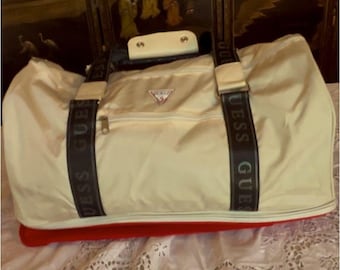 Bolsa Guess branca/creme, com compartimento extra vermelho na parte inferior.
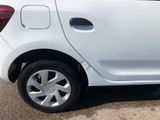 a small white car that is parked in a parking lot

==

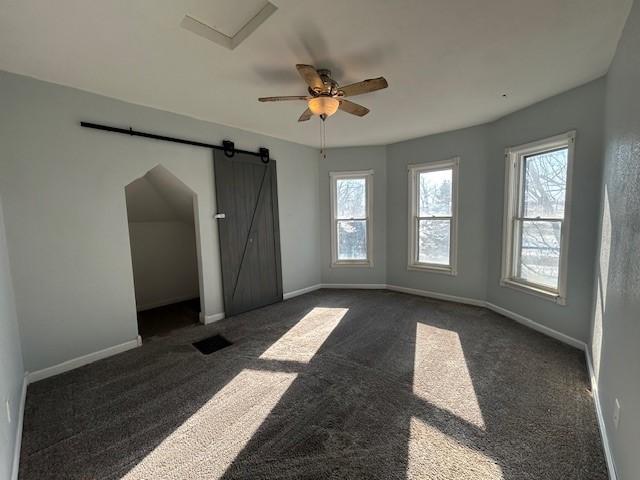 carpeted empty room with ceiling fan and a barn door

EXERCISE DESCRIPTION
Within the listing above, print exactly the stretch beginning at the line that contains "Bolsa Guess branca/creme, com" and finishing at the line that contains "a small white", ends kept, pictures left out, and nothing more.

COMPLETED TASK
 Bolsa Guess branca/creme, com compartimento extra vermelho na parte inferior.
 a small white car that is parked in a parking lot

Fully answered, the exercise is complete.